DATASET EXTRACT =>
*** Begin section ***

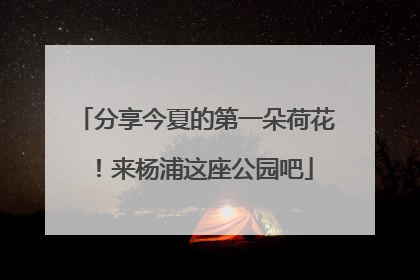 分享今夏的第一朵荷花！来杨浦这座公园吧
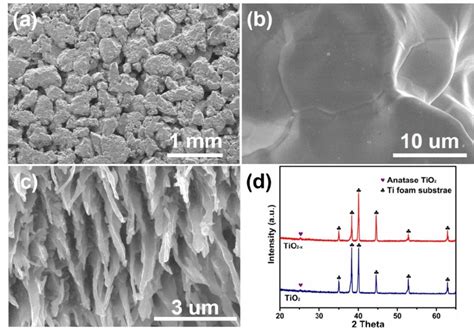 Fig S Sem Images Of A B Ti Foam And C Tio X Nanorod Arrays D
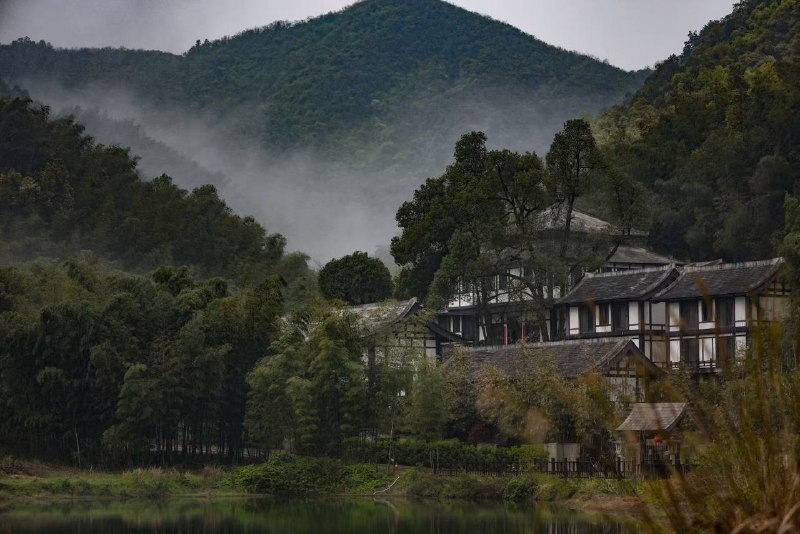 湖南常德，药山寺竹林禅院湖南常德，药山寺竹林禅院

*** End section ***

PROBLEM TO WORK ON => Please retype the data exactly, but do not carry over any picture.

FINAL ANSWER =>
 分享今夏的第一朵荷花！来杨浦这座公园吧
 Fig S Sem Images Of A B Ti Foam And C Tio X Nanorod Arrays D
 湖南常德，药山寺竹林禅院湖南常德，药山寺竹林禅院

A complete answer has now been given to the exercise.